The Commission also published the first figures showing fixed broadband speeds, which is an important indicator in a knowledge-based society. 74.8% of reported lines in the EU are in the range of 2 Mbps and above: 62% between 2 and 10 Mbps, 12.8% above 10 Mbps. Greater data transmission speeds generally provide customers with more and better choice at a lower price per megabit. Extremely fast connections (up to 100 Mbps or beyond) such as fibre only cover 1.4% of European internet subscribers.
Digital Subscriber Line (DSL) is the EU's main broadband technology, with nearly 86 million lines.
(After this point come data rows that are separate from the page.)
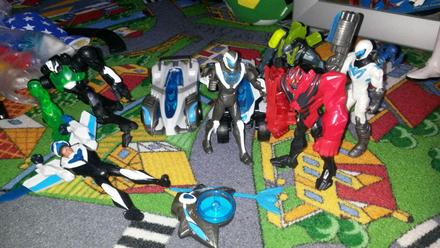 Postavicky max steel,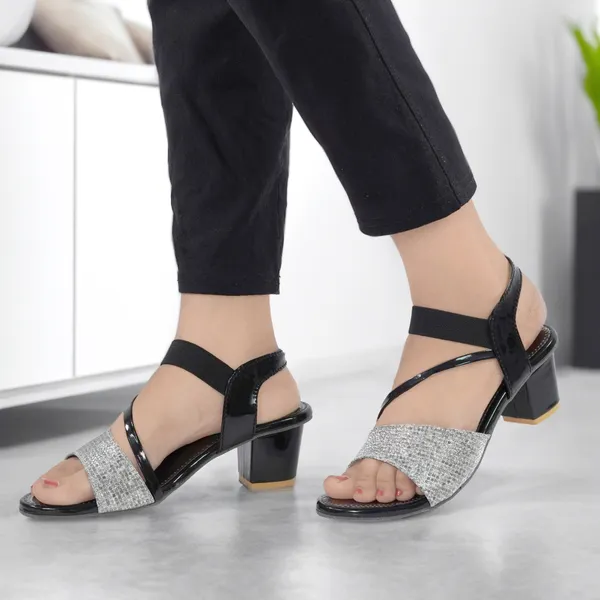Black_Synthetic_Textured_Strap_Wedge_Sandals_For_Women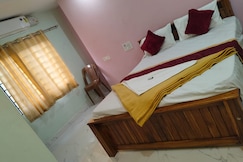 Grand Inn Lodging And Boarding, Honavar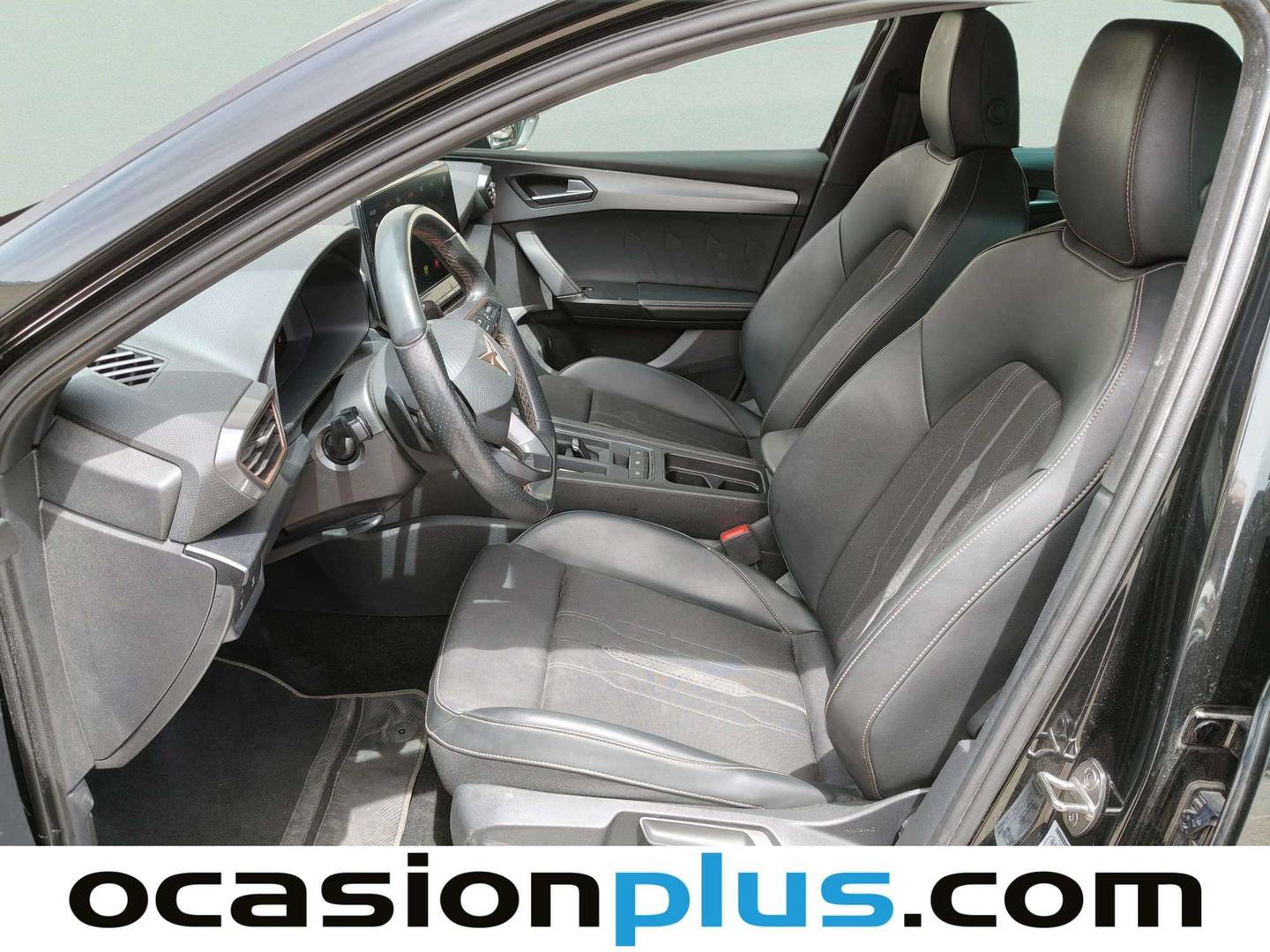 Foto asientos delanteros Cupra León Cupra Leon Sportstourer 1.5 eTSI DSG (150 CV)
However, DSL growth continues to decrease rapidly, slowed by 10.9% compared to July 2007, to the benefit of other fixed broadband technologies like cable, fibre to the home (FTTH) and wireless local loops.
As an illustration of growing infrastructure-based competition, unbundled local loop based products continue to grow at a high rate, largely as a result of successful regulation in the past couple of years. 65.3% of all alternative operators' DSL lines (24.7 million lines) are either fully or partially unbundled, compared to 45.4% in July 2007. This is at the expense of important types of wholesale access for alternative operators, whose share of bitstream access (5.9 million lines) and resale (6.9 million lines) continues to fall.
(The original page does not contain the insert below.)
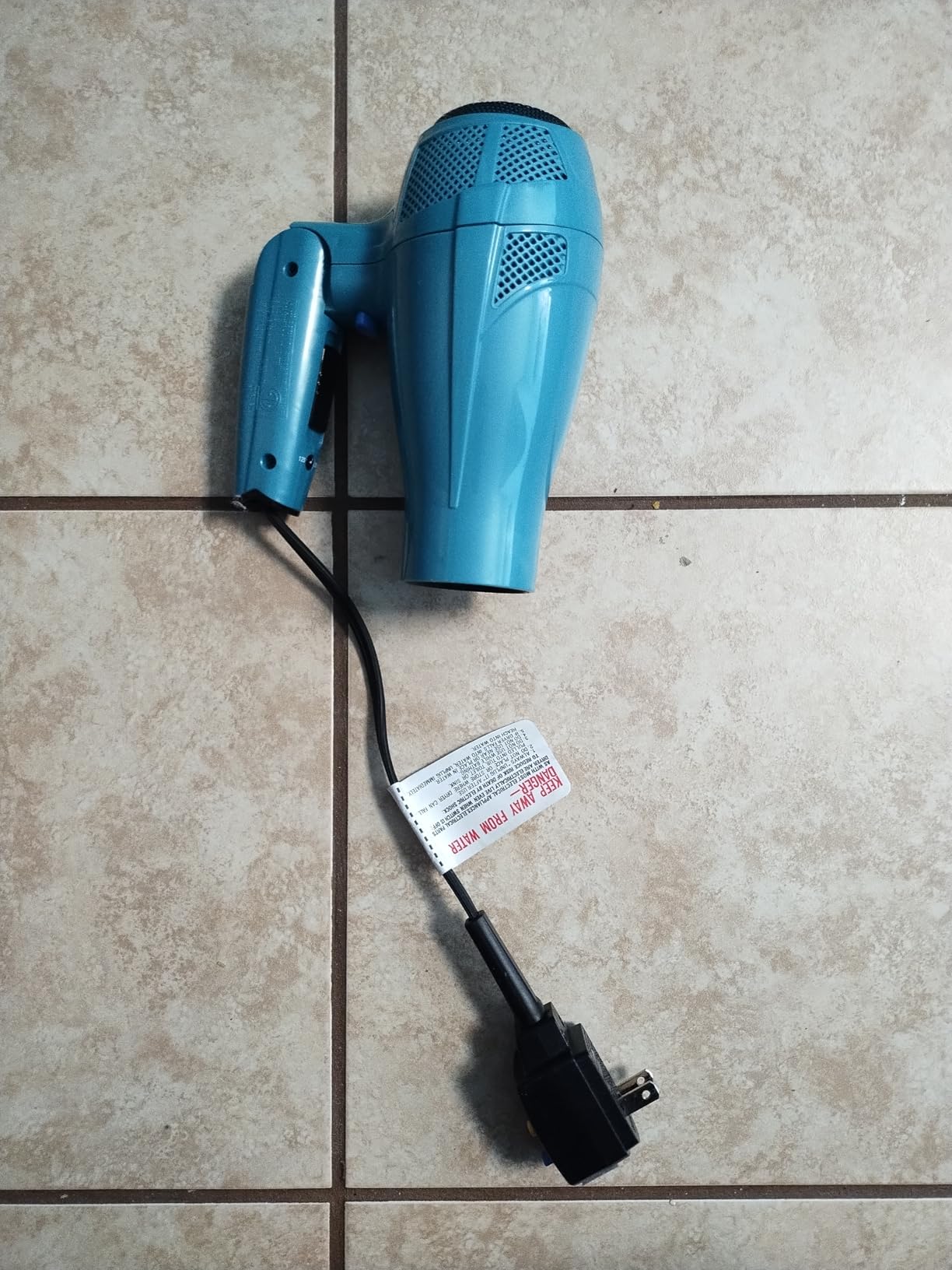 Conair Travel Hair Dryer, Dual Voltage, Folding Handle, 1875W, Blue customer photo 2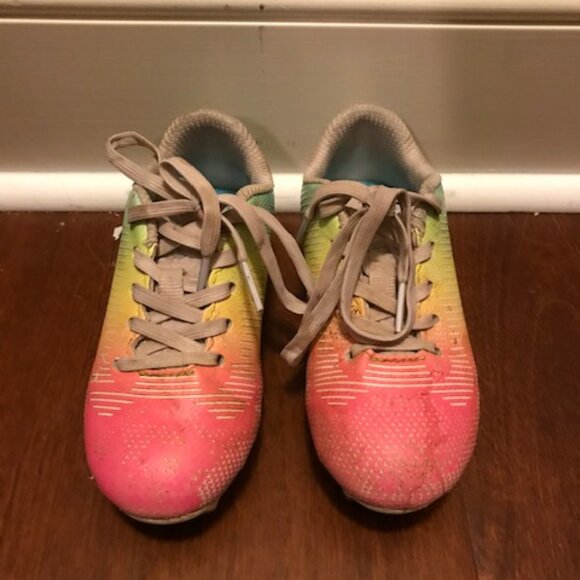 Brava Rainbow Soccer Cleats Size 10 and Pink Shinguards Bundle - Picture 3 of 8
Other figures published for the first time show that broadband based on mobile technologies such as 3G and data services via data cards seems to be taking off in a number of Member States. Denmark, Greece, Germany, Italy, Slovenia and Spain have reported a mobile broadband penetration rate above 10%. There were 34 million mobile broadband subscribers in the EU on 1 July 2008 (not including France, the Netherlands and the UK who have not provided information on this). The mobile penetration rate, which measures the proportion of the total population actively using mobile broadband, ranges from less than 1% (Belgium and Cyprus) to nearly 20% (Spain). The EU average is 6.9%. The number of mobile broadband connections using only dedicated data cards/modems/keys, typically allowing mobile internet via laptops, is significantly lower (around 2 to 3%).